Using the data that follows, report how many lines include "with"; output no other text.

- Records for the exercise
•••••
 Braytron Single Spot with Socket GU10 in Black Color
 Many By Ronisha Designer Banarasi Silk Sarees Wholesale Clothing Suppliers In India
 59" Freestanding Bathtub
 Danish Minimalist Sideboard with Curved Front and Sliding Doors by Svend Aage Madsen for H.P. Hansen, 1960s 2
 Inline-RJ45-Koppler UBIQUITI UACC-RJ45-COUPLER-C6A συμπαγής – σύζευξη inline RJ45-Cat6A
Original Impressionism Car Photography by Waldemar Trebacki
•••••
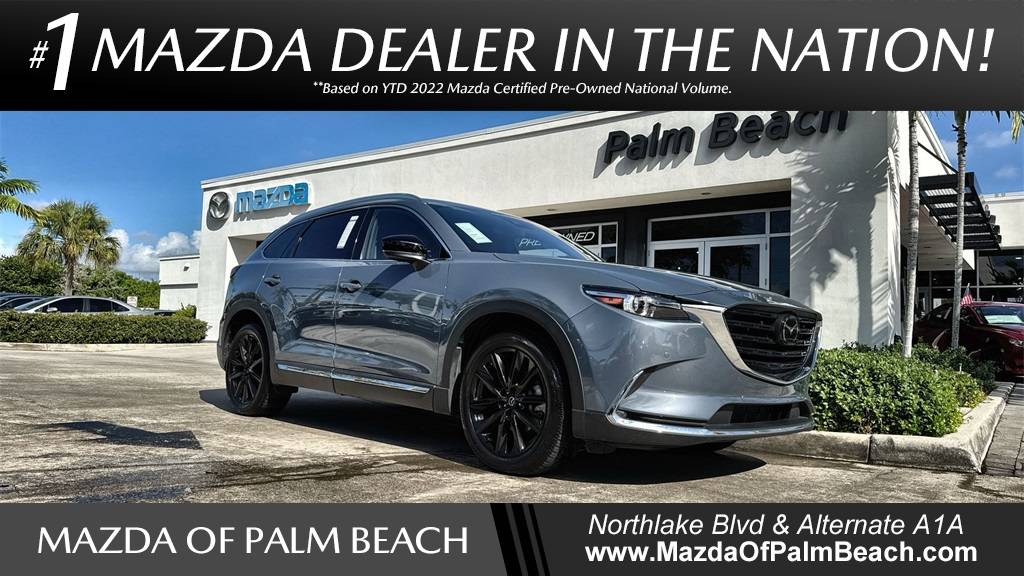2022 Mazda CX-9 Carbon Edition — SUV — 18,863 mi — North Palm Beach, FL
•••••
- Written solution
2